Of course, Uber is as responsible as any company for this shift toward simplicity and delightful user experience, thanks to its introduction of an on-demand and near-frictionless mobile buying experience. “It’s not easy to build durable and loved brands. Technology is rarely a sustainable competitive advantage. It can give you a foothold or a head start. Look at Bing. Who cares if Bing’s tech is slightly better? People don’t say ‘Bing it.’ It’s not a verb.”
The choice of the Sherpa branding was no accident, Stanford says, describing it as a reflection of the relationship dynamic between the investors and their founders.

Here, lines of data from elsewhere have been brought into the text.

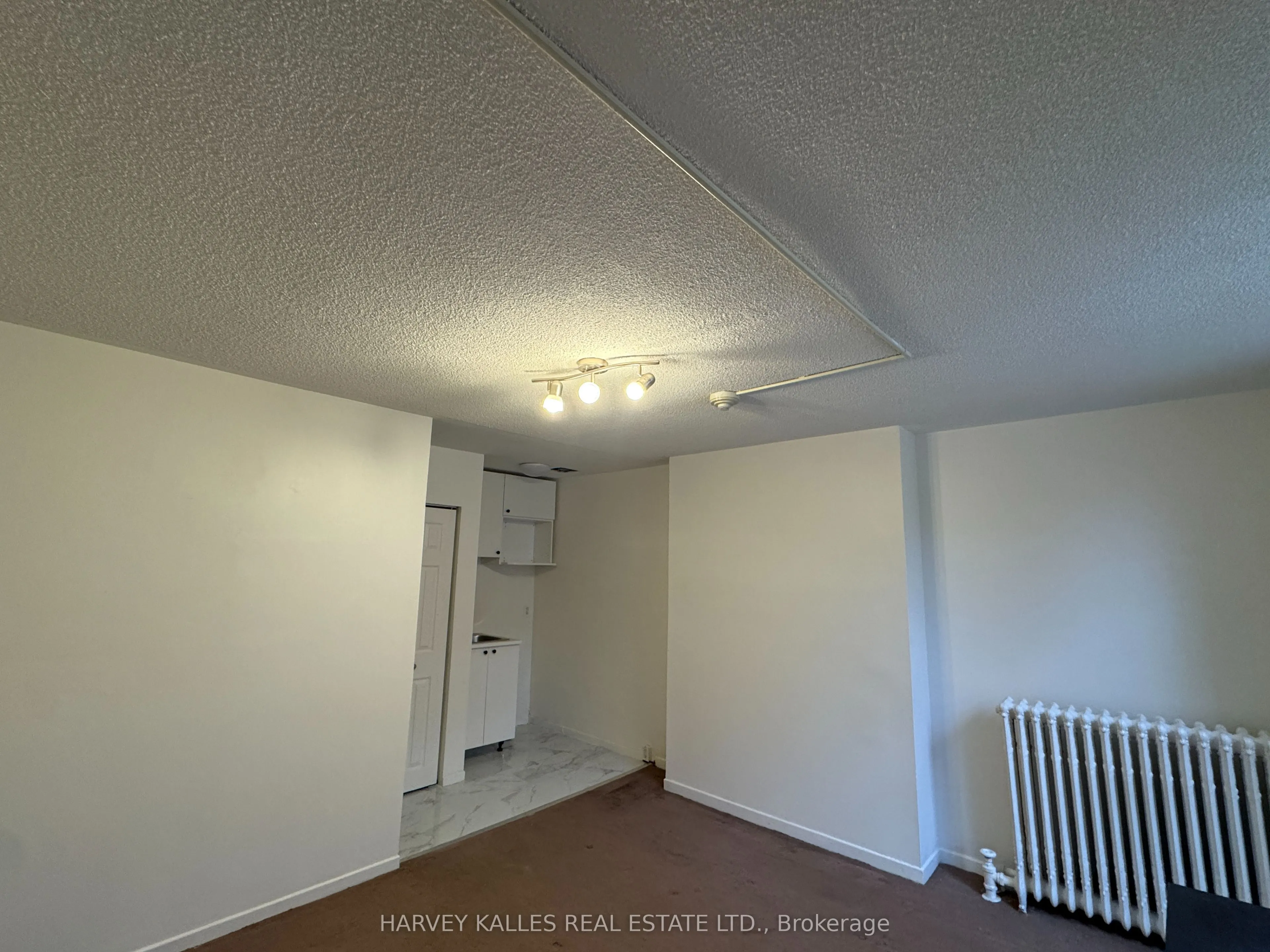 676 Huron Street, #101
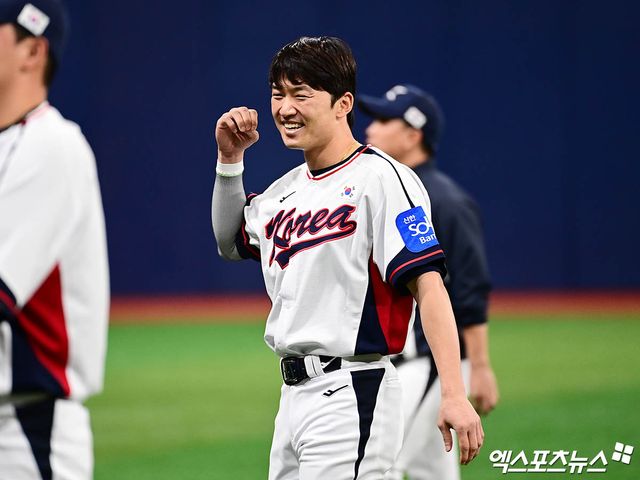 4일 오후 서울 구로구 고척스카이돔에서 진행된 야구 국가대표팀 훈련에 참석한 박해민이 몸을 풀고 있다. 고척, 박지영 기자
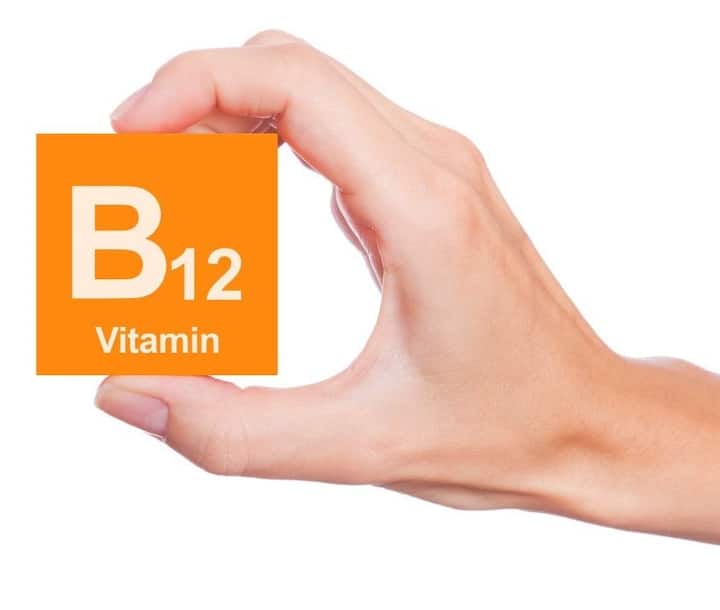 वृद्ध व्यक्तींच्या पचनशक्ती कमी झाल्याने B12 चे शोषण व्यवस्थित होत नाही. व्हिटॅमिन B12 च्या अभावामुळे लक्ष केंद्रित करण्यात अडथळे निर्माण होतात.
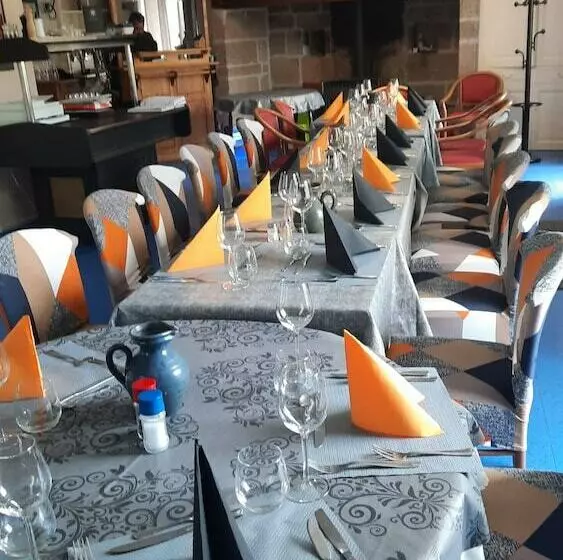 ホテル Auberge St Julien Aux Bois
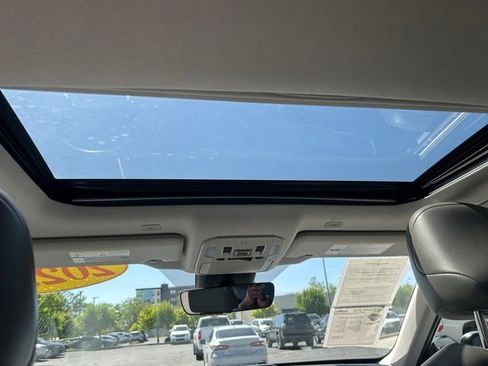 Used 2023 Toyota Highlander XLE AWD/4WD image 25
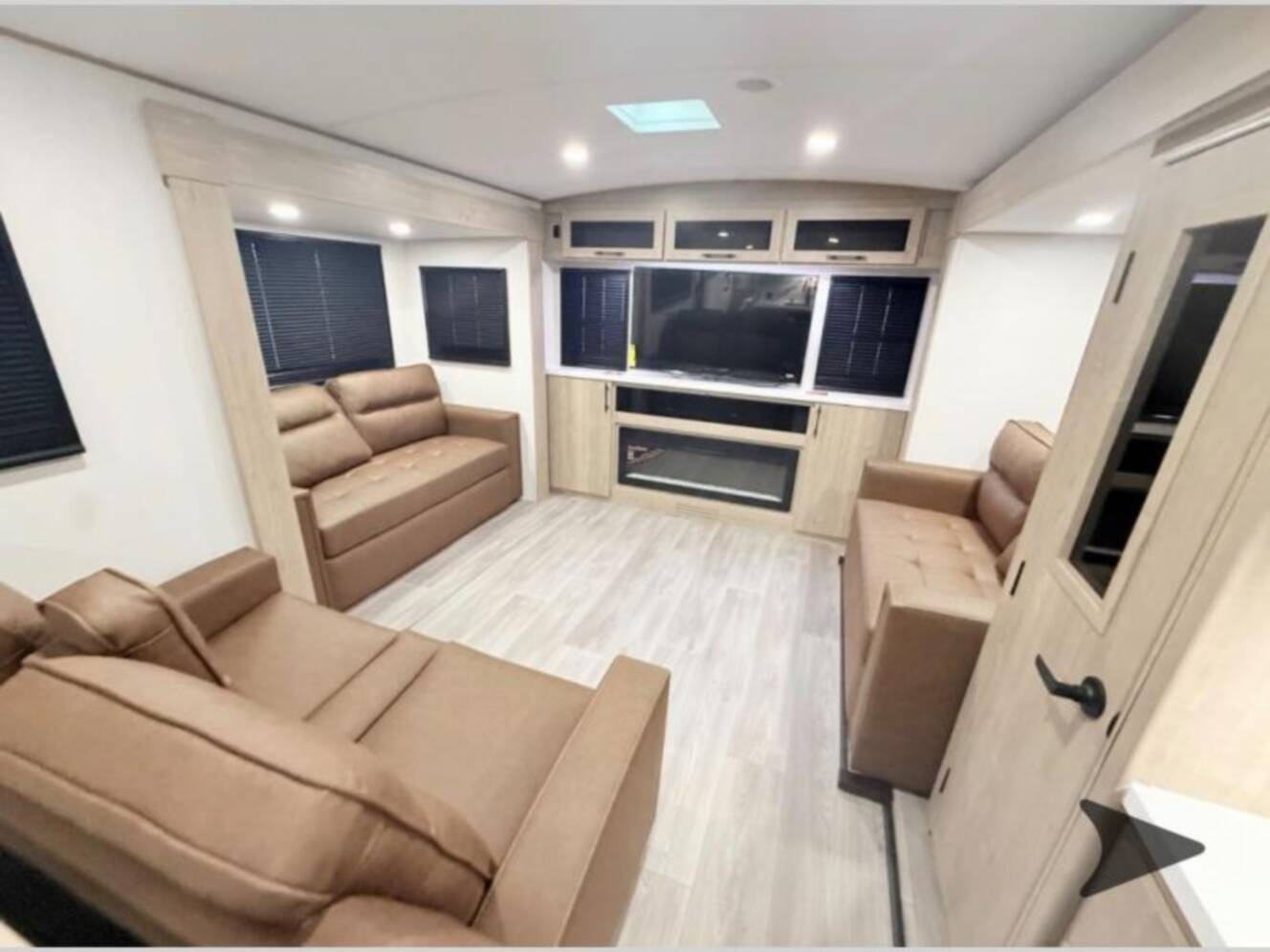 A photo of this 2026 Grand Design Imagine 3100RD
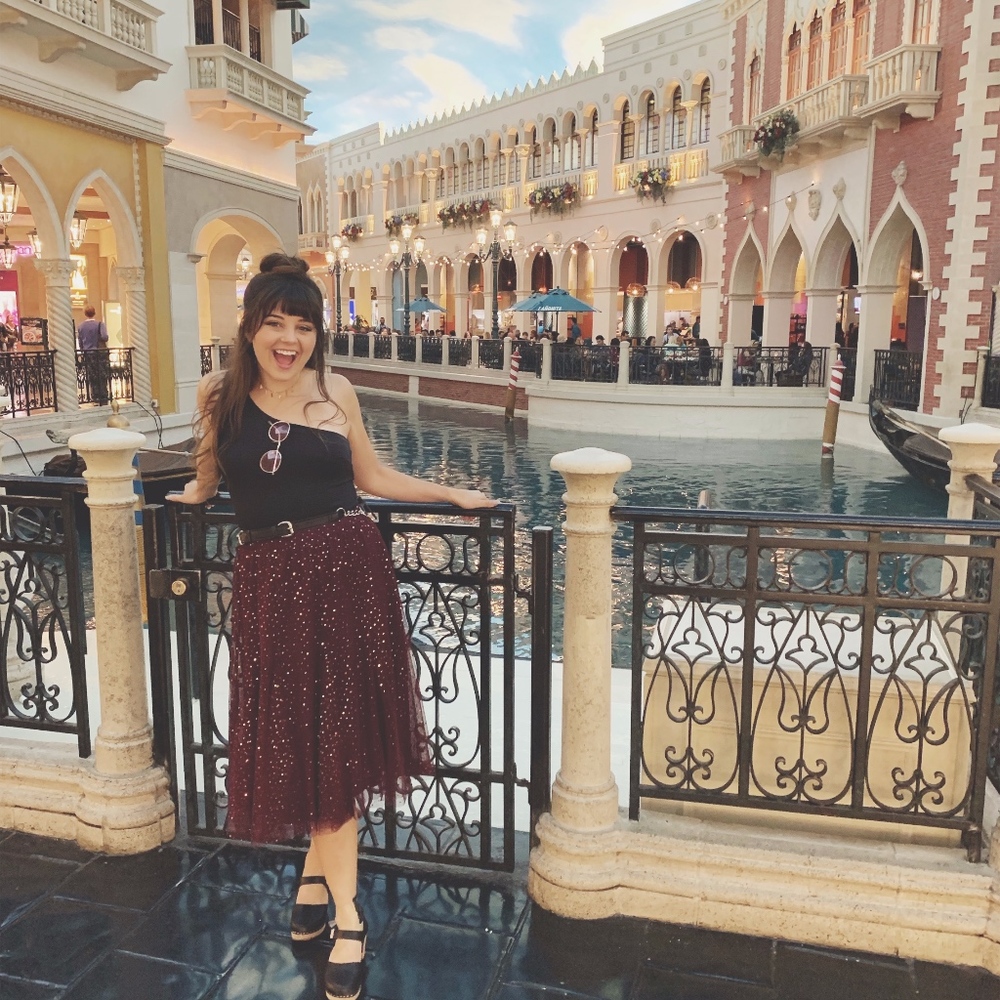 Meet your Posher, Alexis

“We genuinely feel honored to be at the table. We’re not the capital, our LPs are. We’re not the founders. We’re there to assist. We’re the guys who carry the bags. We take that seriously, it’s core to our brand. And there’s an element of humor in it. These are our friends we’re investing in, they’re the the guys and girls we see out every night. When we first came up with the name, we didn’t even blink. It’s who we are.”
It’s obvious in everything from the language Pishevar and Stanford use to describe their market thesis to the stories they tell to convey their unique value add, that Uber played a large role in shaping SherpaVentures. But it’s the two men’s prior firms, not their current one, that stands to benefit financially from that deal. And there’s only so long you can ride the glory of that seemingly otherworldly outcome.
With fresh capital in the bank and a new brand to build, SherpaVentures will look to find its own 100X success story. WIth Pishevar, Stanford, and Sharkey at the wheel, the firm is as well positioned as any to find and shepard the best deals. Whether they can truly stay in the background while doing so will be another test entirely.